De tweede klacht van het subonderdeel (niet-toepasbaarheid van de leer van de kansschade) gaat uit van de veronderstelling dat het hof de leer van de kansschade heeft toegepast in verband met de volgens het hof aan [verweerder] ontnomen mogelijkheden om tijdig voor het verstrijken van de vervaltermijn de betrokken vakantiedagen alsnog op te nemen of contractueel van de wettelijke regeling van de vervaltermijn af te wijken. Deze veronderstelling mist mijns feitelijke grondslag, nu de formulering van rov. 5.4 daarvoor geen aanknopingspunt biedt.
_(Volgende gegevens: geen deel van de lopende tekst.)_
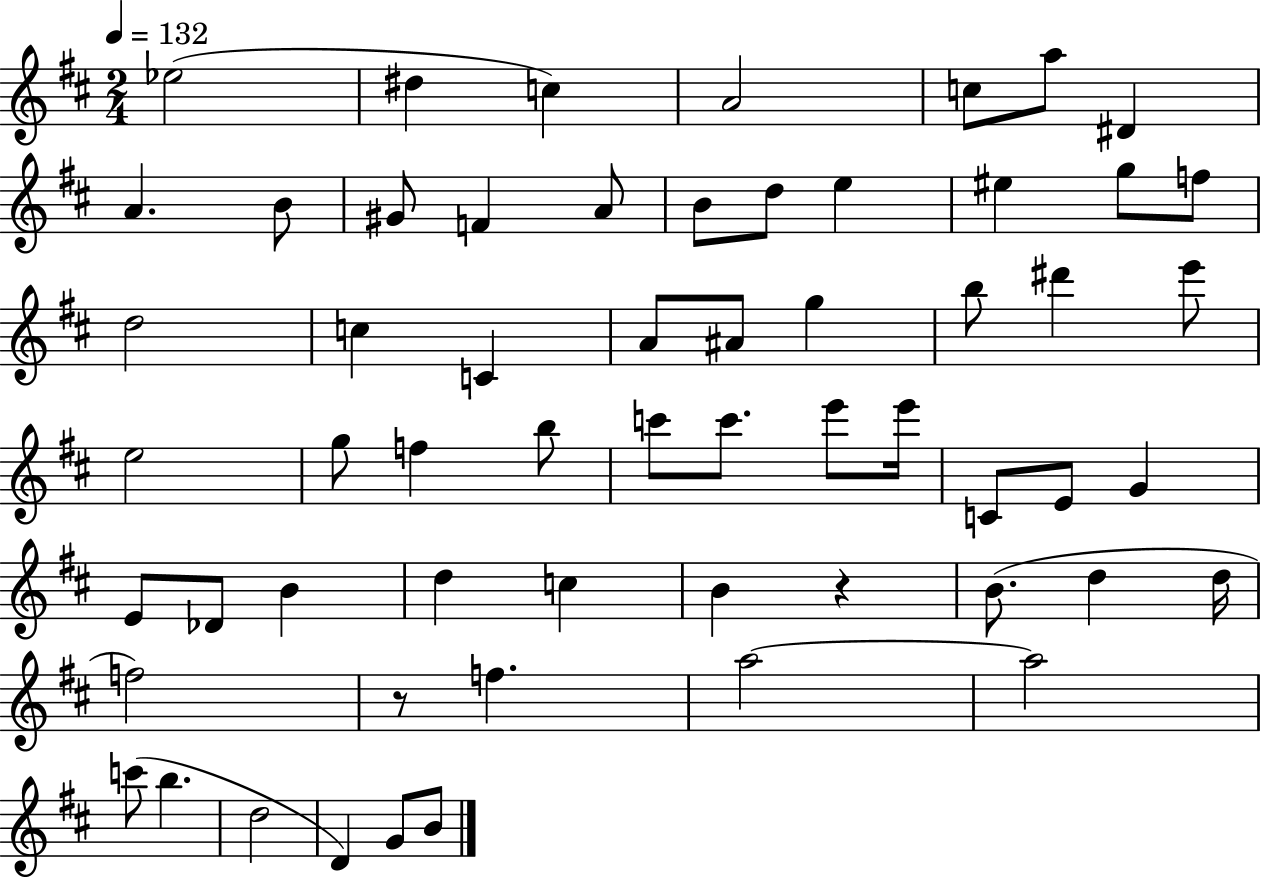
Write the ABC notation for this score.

X:1
T:Untitled
M:2/4
L:1/4
K:D
_e2 ^d c A2 c/2 a/2 ^D A B/2 ^G/2 F A/2 B/2 d/2 e ^e g/2 f/2 d2 c C A/2 ^A/2 g b/2 ^d' e'/2 e2 g/2 f b/2 c'/2 c'/2 e'/2 e'/4 C/2 E/2 G E/2 _D/2 B d c B z B/2 d d/4 f2 z/2 f a2 a2 c'/2 b d2 D G/2 B/2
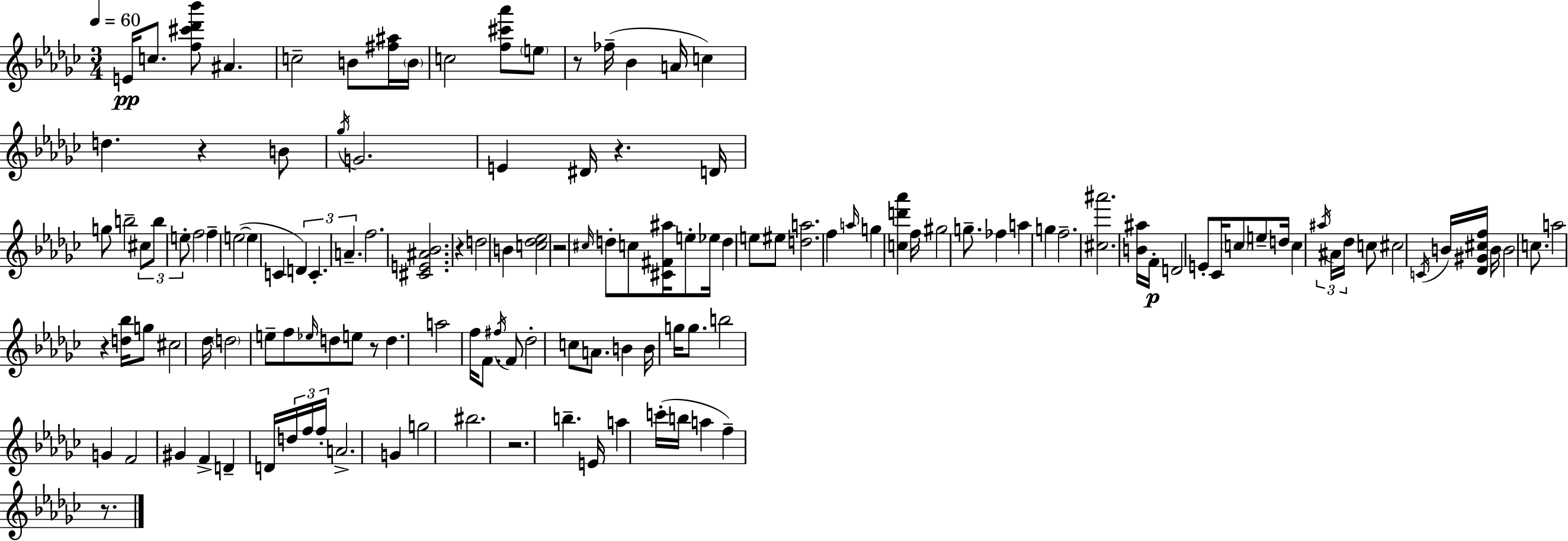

Overigens meen ik dat de leer van de kansschade92 zich in verband met de aan [verweerder] ontnomen “mogelijkheden” inderdaad niet voor toepassing leent, al was het maar omdat die leer betrekking heeft op een kans die zich onafhankelijk van de wil van de betrokken partijen al dan niet realiseert, terwijl in de onderhavige zaak in verband met de door het hof bedoelde mogelijkheden vooral onzeker is of [verweerder] zelf ervoor zou hebben gekozen (te trachten van) van die mogelijkheden gebruik te maken. Als “kans” in de zin van de bedoelde leer zou intussen wel kunnen gelden de kans dat [verweerder], zo hij zulks zou hebben getracht, met zijn werkgever overeenstemming zou hebben bereikt over een afwijking van de wettelijke vervaltermijn.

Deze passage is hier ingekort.